La cronología de acontecimientos es muy sugestiva. El fallo de la Cámara Federal se conoció el 21 de diciembre. El 23, Cristian “el Puli” Medina y Pablo Moyano expresaron con una foto la reconciliación de Juan y Hugo, sus padres, por el traslado de los restos de Perón a San Vicente en 2006. Una postal navideña de la familia Ingalls. El 27, Camaño presentó la denuncia en la Justicia Federal de La Plata. Si se confirma que esa reunión se realizó en la sede del Banco Provincia en la ciudad y no en La Plata, podría ser reclamada por la Justicia Federal.

La prueba más importante del juicio a Conte Grand es la denuncia de la interventora de la AFI que investigan el juez federal Ernesto Kreplak y la fiscal Ana Russo. Kreplak es el hermano de Nicolás, ministro de Salud, y como él está ligado a La Cámpora. Russo es viuda de Eduardo de Lázzari. En medio de la campaña presidencial de 2019, De Lázzari denunció a Vidal por “armar causas” contra opositores. Cristina retuiteó sus palabras. De Lázzari presidía la Corte bonaerense. La vicepresidenta era candidata del Frente de Todos.

La incorporación de Vidal a este rompecabezas es una novedad. Probablemente causada por el cambio de planes y aliados del oficialismo después del 14 de noviembre. Juliana Di Tullio resultó una víctima inesperada de esas urgencias. Conte Grand recogió el respaldo unánime de sus colegas nucleados en el Consejo Federal de Procuradores cuando la senadora nacional lo tildó de “delincuente.” Una reacción que el Ministerio de Justicia no pudo revertir pese a que Martín Mena y Martín Soria presionaron a los gobernadores del PJ. El viceministro de Justicia y su aparente jefe los instaron a violar la división de poderes. Es decir, darles órdenes a los procuradores para que se desdigan. Solo consiguieron que lo haga Javier Vallejos. En el chat del Consejo, el fiscal general de La Rioja había adherido calurosamente a la defensa de Conte Grand.

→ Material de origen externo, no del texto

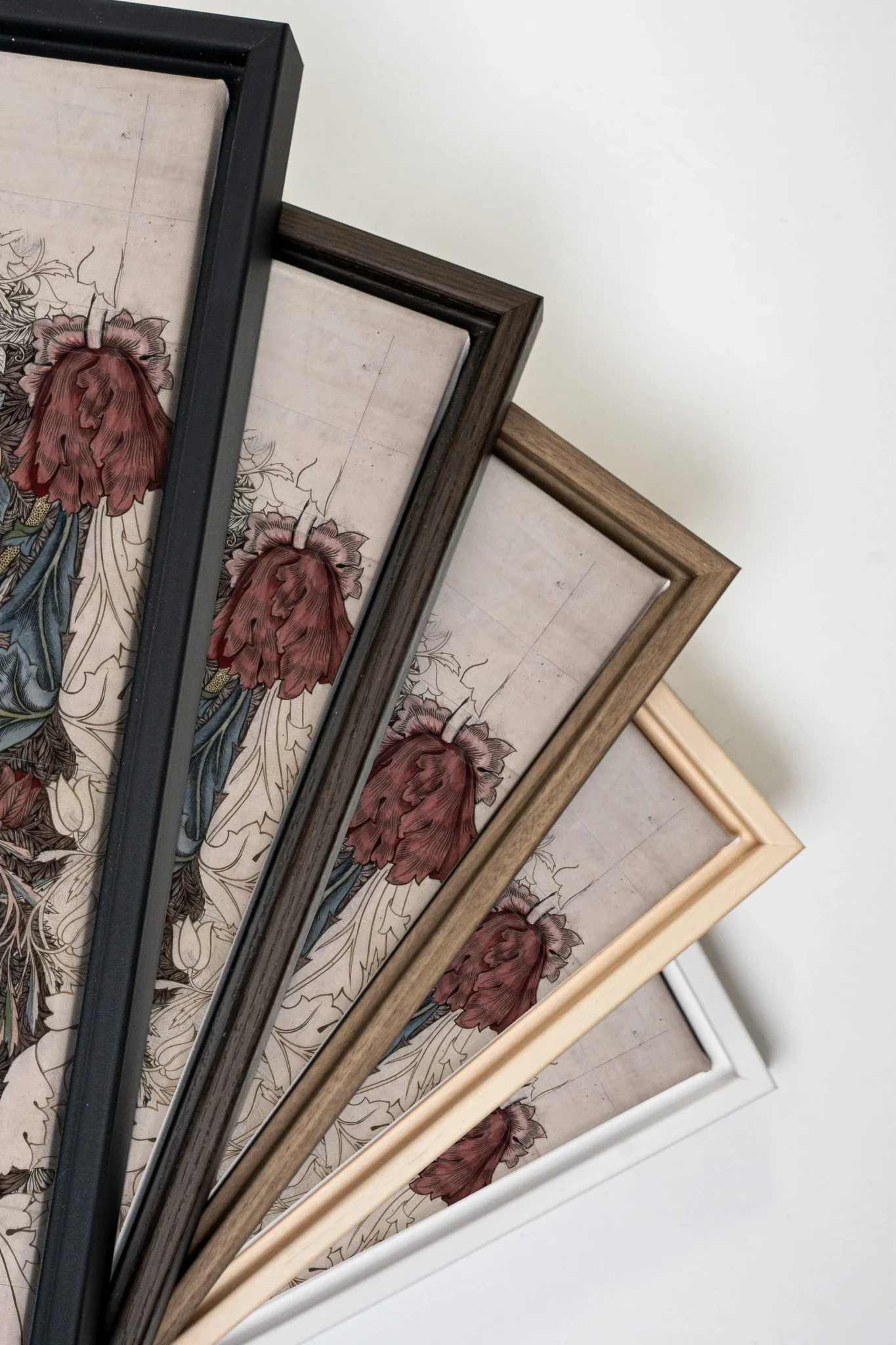 VELOURS FLORAL, Oeuvre sur toile étirée, encadré Brun Chêne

A la oposición le preocupa más una murmuración. La reunión de Horacio Rodríguez Larreta con Hugo Moyano auspiciada por Sergio Massa. Moyano le exigió la renuncia de Conte Grand a cambio de evitar contratiempos en la ciudad con la recolección de residuos. La relación del camionero con el jefe del gobierno es, cuando menos, cordial.

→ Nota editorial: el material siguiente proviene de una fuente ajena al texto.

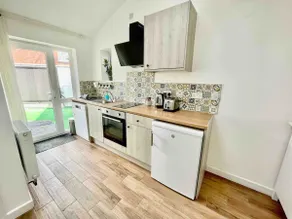The Corner House -Town Centre cosy 2 bed apartment - Image 3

La clínica Antártida sigue funcionando con el permiso precario de habilitación que las autoridades porteñas le concedieron en abril de 2020 por seis meses. Una situación de privilegio que es la envidia de otros sanatorios sindicales. Tal vez sea uno de los límites imprecisos en el camino de la moderación que Rodríguez Larreta está convencido de recorrer para llegar a una candidatura presidencial. Una ruta que difícilmente escogerían los responsables de los asaltos al domicilio del exsenador del PJ, Horacio Román, en Castelar, y al del diputado Carlos “Cuto” Moreno, en City Bell. Los fiscales están tras la pista de un grupo de ex convictos que adoptaron un curioso mote en honor al móvil que proclaman para delinquir: robar solo a peronistas ricos. Una mitomanía que los llevaría a imaginar un universo infinito de posibilidades. Debería preocupar a quienes se encargan de proveer a los Moyano la máscara del Pata Medina.